Task description: Print nothing except the lines of the listing below from the line with "This machine is" to the line with "At that point", each exactly as written, both ends included.

Dataset excerpts:
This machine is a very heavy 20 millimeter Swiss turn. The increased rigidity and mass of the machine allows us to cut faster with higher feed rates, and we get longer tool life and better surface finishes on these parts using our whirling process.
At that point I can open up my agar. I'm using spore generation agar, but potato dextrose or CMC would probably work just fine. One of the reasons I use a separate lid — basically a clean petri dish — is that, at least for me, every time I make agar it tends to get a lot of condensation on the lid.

...

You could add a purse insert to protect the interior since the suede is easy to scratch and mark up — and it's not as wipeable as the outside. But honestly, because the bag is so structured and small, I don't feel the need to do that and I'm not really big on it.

...

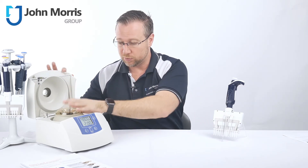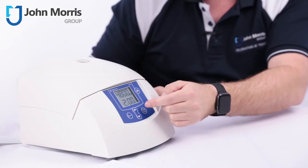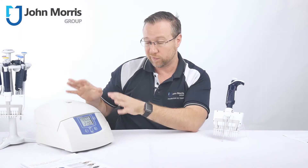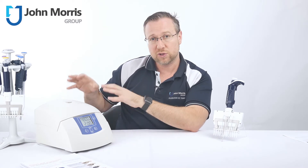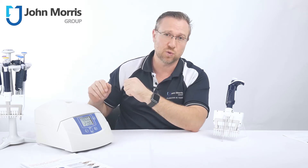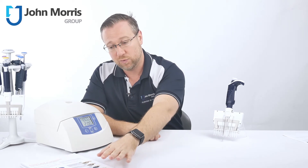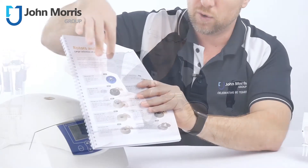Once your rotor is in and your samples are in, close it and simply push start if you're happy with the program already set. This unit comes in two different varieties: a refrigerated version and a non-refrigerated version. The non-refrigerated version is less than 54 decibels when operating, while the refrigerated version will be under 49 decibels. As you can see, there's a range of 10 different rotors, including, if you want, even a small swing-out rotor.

Output below:
This machine is a very heavy 20 millimeter Swiss turn. The increased rigidity and mass of the machine allows us to cut faster with higher feed rates, and we get longer tool life and better surface finishes on these parts using our whirling process.
At that point I can open up my agar. I'm using spore generation agar, but potato dextrose or CMC would probably work just fine. One of the reasons I use a separate lid — basically a clean petri dish — is that, at least for me, every time I make agar it tends to get a lot of condensation on the lid.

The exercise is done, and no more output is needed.